それなら、この人事にも納得が行く。そこそこの地位を与えて黙らし地方なり辺境に飛ばす、と言った所だろうか?
「アルル。今回、君の昇進を推したのは三人の師団長なんだ……」
ドッグが、なにやら一人でに喋り出した。
不味い、フカフカのベッドが気持ち良くて、眠くなって来た。
もうずっと休んでたい。
「一人目が魔元帥サルバザール・ガルバデイアス。二人目が剣聖レイド・バスタード。そして、三人目が舞姫シオンの三人だ。査問会での君の態度を見て、隊長に推薦したらしい。君は一体査問会で何をしたんだ?」
思わず苦笑いが漏れちまう。
そんな御歴々が俺を推薦したんですか……
世の中、酔狂な人もいるもんですなー……
「何をしたって、そりゃ喧嘩を吹っ掛けた感じだな。ありゃ……」
しかも、勝手に退室しちゃったし。
ああ、流石は女の子。
枕からイイニオイがするなぁ。
自分のにおいなのにイイニオイだ。
いや、それよりだ……
魔元帥であるサルバザール・ガルバデイアス様はわかる。
自分達魔術師の完成形みたいな人だからな。それに査問会でも、何度か受け答えしたしな。
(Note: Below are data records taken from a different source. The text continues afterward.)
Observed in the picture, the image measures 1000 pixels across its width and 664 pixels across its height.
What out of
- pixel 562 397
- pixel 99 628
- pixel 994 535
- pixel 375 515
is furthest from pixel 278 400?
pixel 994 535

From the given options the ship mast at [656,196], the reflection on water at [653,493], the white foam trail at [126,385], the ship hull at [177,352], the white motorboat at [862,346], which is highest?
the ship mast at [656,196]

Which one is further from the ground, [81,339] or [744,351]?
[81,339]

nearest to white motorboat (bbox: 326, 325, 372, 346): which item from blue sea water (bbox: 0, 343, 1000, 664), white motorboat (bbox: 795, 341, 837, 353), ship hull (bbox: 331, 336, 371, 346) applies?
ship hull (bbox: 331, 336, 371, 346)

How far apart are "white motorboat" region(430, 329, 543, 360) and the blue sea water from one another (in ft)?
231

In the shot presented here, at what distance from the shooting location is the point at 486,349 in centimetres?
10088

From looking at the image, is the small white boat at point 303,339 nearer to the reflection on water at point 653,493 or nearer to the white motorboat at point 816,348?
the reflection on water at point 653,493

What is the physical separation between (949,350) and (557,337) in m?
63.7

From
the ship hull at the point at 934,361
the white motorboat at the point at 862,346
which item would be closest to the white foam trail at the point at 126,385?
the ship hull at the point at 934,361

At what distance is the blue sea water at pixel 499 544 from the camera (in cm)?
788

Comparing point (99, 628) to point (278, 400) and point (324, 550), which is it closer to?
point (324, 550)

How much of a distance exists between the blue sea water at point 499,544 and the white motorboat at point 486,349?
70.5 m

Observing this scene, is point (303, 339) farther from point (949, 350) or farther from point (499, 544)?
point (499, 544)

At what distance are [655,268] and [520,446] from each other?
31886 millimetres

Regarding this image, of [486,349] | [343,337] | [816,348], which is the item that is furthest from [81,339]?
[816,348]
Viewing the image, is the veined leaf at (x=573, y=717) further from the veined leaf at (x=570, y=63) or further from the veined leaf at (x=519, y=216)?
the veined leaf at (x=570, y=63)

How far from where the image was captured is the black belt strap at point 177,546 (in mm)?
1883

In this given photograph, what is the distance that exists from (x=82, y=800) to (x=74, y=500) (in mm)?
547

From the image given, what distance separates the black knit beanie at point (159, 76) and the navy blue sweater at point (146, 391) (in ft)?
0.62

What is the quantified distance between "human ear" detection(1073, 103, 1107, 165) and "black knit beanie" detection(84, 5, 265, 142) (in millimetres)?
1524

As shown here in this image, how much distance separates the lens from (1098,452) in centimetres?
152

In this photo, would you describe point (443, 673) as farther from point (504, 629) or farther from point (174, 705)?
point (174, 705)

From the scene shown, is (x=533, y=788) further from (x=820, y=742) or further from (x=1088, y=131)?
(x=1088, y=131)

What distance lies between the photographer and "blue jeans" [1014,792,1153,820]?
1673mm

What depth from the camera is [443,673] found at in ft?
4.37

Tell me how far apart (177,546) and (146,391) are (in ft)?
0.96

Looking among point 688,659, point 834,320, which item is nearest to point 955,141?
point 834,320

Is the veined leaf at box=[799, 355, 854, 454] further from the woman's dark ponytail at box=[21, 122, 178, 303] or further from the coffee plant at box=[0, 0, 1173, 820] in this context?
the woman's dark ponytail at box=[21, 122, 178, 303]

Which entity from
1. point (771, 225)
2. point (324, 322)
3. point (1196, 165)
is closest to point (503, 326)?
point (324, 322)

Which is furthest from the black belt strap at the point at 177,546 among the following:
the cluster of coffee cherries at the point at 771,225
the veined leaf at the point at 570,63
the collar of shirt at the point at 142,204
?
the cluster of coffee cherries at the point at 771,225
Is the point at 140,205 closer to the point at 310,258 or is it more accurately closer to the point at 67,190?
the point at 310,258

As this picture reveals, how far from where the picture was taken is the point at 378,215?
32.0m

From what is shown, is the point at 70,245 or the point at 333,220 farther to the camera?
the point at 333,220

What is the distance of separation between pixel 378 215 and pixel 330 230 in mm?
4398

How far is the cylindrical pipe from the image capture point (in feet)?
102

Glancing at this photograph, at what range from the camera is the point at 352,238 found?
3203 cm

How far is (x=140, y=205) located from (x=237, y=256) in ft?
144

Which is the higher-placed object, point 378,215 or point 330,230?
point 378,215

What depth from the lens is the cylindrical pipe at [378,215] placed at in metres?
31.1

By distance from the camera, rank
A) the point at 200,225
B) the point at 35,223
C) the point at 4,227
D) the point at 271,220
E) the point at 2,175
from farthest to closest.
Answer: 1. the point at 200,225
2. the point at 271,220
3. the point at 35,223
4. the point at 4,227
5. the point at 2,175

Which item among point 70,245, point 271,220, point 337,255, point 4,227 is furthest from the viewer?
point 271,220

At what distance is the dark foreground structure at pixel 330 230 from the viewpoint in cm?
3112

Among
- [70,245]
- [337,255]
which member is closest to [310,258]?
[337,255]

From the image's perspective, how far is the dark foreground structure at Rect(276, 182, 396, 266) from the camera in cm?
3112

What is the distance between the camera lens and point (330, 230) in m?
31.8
だけど、他の二人は全く知らない、顔も知らないし、あの場にいたのも知らなかった。
一体、どこのどちらさんだ?
もしかして、知らぬ間に失礼な事しちゃったかな。それとも、俺の態度に良い意味で思う所があったのか?
いや、そんな事あるか?
見ると、ドッグが呆れた果てた様に項垂れていた。
何故、そんなに項垂れるのかな?
いや、そりゃ項垂れますか……
すると、ドッグが重々しげに口を開いた。
「そうか…… だから、他の査問委員の方達からは反対意見が出てるのか」
自分自身でそりゃそうだろうなと思う。
思わず頷いてしまう。
俺の様子を見て、ドッグが眉を潜めながら睨み付けた。
へへへ、そんな睨まないでくれよ~
俺達、友達だろ~
「呑気に頷いてる場合ではないぞ。これはかなり切羽詰まってる状況だ。上は君に任務を与え、その任務の出来次第で今後の扱いを決めるつもりらしい」
なんだそれは、任務の出来?
出来高制なの? 白の師団って?
使えそうなら使うし。使えなそうならポイするって事か?
「どうやら、委員会は君を隊長にしたくないらしい。だが、師団長の三人が君を推してるから、それを無下にも出来ないらしい」
なんだか、偉い人達も大変そうだな。
「だから、取り敢えず機会は与えた、と言う体を取ろうとしているのだろう。最終的には、何かしらケチをつけて、君の昇進を白紙にするつもりだ」
ああ、やっぱりわからないや。
偉い人の考えることは……
委員会の人が、そんなに躍起になる程の存在でもないだろう俺は……
師団長の面々は面々で、俺に何の期待してるんだ?
思わず、頭が混乱する。
この板挟みにされてる感じ、堪らなく面倒臭い。
「因みに、その任務ってなんなんだ?」
ドッグに視線を向けて聞いてみる。
見ると、なにやら苦虫を噛み潰したよう表情をしている。
ああ、これはきっと、えらく厄介な任務を押し付けられたんだろうな。
めちゃくちゃ、嫌な予感がする……
それから少しの沈黙の後。ドッグが物々しげに口を開いた。
「“黒の師団”の総本部を見つけだせ、と言う任務だ……」
……ふーん、馬鹿じゃん。
うん、馬鹿じゃないかな?
それが出来たら、“黒の師団”と“白の師団”の戦争は、とっくの昔に終わってるんだよなー……
あー どんどん頭が痛くなってきた……
俺とドッグ、お互いの間に沈黙が訪れる。